Projektleiter Gebäudetechnik, Daniel Brechbühl, erzählt von seinem Praktikum in Shanghai

«Mein Architekturpraktikum in Shanghai? – Horizonterweiterung pur!»

Architektur statt Ingenieurwesen, Mandarin statt Walliserdeutsch, tropische Hitze statt kühle Bergluft und Frühlingsrollen statt Schweizer Küche: Wie ein Newsletter den A+W Projektleiter Gebäudetechnik, Daniel Brechbühl, nach Shanghai gebracht hat und wie er sein Architekturpraktikum im Silicon Valley Asiens erlebt hat, liest du hier.

«Ein Praktikum in Asien? Why not?»

Angefangen hat alles, als er einen Newsletter seiner Schule erhalten habe, so Daniel Brechbühl. Die Fernfachhochschule Schweiz FFHS, wo er berufsbegleitend studiert, warb für ein zweimonatiges Praktikum in Shanghai. Die Voraussetzungen – zwischen 18 und 30 Jahre alt, Heimatort Wallis – erfüllte Daniel und China als aufstrebende Wirtschaftsmacht interessierte ihn. So dachte er sich «warum nicht?» und bewarb sich kurzerhand für das Architekturpraktikum – natürlich in Absprache mit seinem Chef von A+W Bern. Daniel unterbreitete ihm einen detaillierten Plan, wie er die zwei Monate Abwesenheit intern organisieren würde. Wie es der Zufall wollte, befanden sich einige seiner Projekte gerade in der Abschlussphase, sodass dem Praktikum in Shanghai nichts mehr im Wege stand.

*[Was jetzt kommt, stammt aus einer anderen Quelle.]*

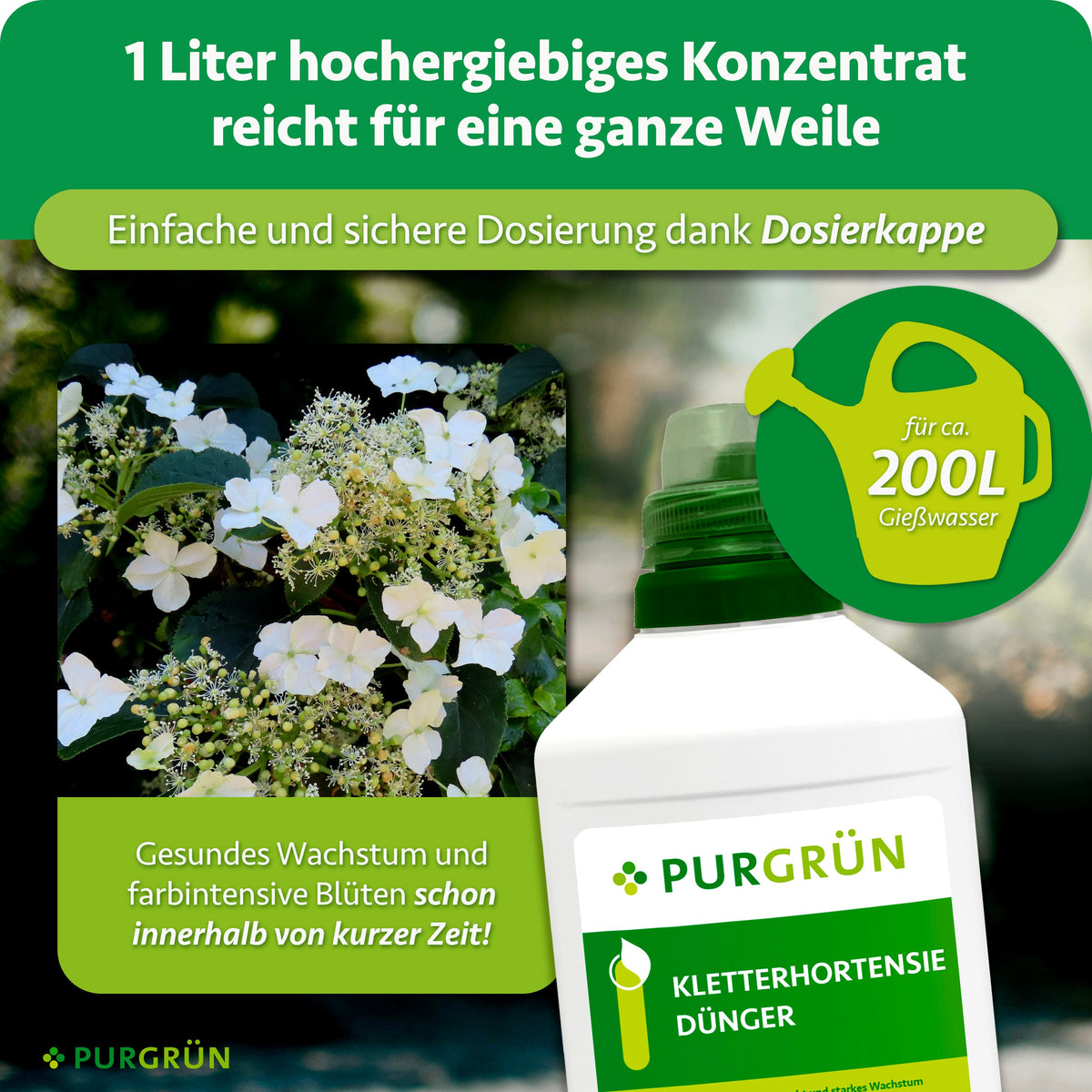 Ein Liter hochergiebiges Konzentrat reicht für ca. 200 Liter Gießwasser; die Dosierkappe ermöglicht eine einfache und sichere Dosierung.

Projekt «Nachhaltiges Fussballstadion»

Knapp zwei Monate nach der Bewerbung startete der junge Projektleiter sein Architekturpraktikum im Herzen Chinas. Dabei arbeitete er an einem Projekt mit, bei dem ein nachhaltiges Fussballstadion in New York für die Fussball-Weltmeisterschaft 2026 gezeichnet werden sollte. Nachhaltig in dem Sinne, als dass der Stadion-Teil nach der Fussball-Weltmeisterschaft entfernt werden und sich darunter eine Wohneinheit befinden soll. «Verlassene und ungenutzte Fussballstadien sollten endgültig der Vergangenheit angehören», so Daniel.

Als Architekt in Shanghai

Spannend sei für den Projektleiter Gebäudetechnik vor allem gewesen, im Praktikum einmal die Seite zu wechseln: «Bisher war ich als Ingenieur tätig – die Prozesse und Abläufe eines Architekten kannte ich nicht. Im Praktikum habe ich gesehen, wie Architekten arbeiten und welche Anforderungen und Bedürfnisse sie an ein Projekt haben.» Diese würden sich doch relativ stark von denjenigen der Ingenieure unterscheiden. Dementsprechend war das Praktikum für Daniel keine Spezialisierung als Projektleiter Gebäudetechnik, dafür aber eine bereichernde Horizonterweiterung.

Shanghai: International, lebensfreundlich – und sauber

Natürlich hat Daniel in Shanghai nicht nur gearbeitet: Er ging auf Entdeckungstour in die Stadt, nahm an diversen Networking Events teil und genoss das riesige Essensangebot. Am meisten fasziniert habe ihn die Vielfalt und Internationalität der Stadt – und von Smog keine Spur. Überhaupt kommt Daniel ins Schwärmen, wenn er an seinen Auslandaufenthalt zurückdenkt. Dementsprechend erstaunt es auch nicht, dass er auf die Frage, wem er das Praktikum empfehlen würde, mit «jedem!» antwortet.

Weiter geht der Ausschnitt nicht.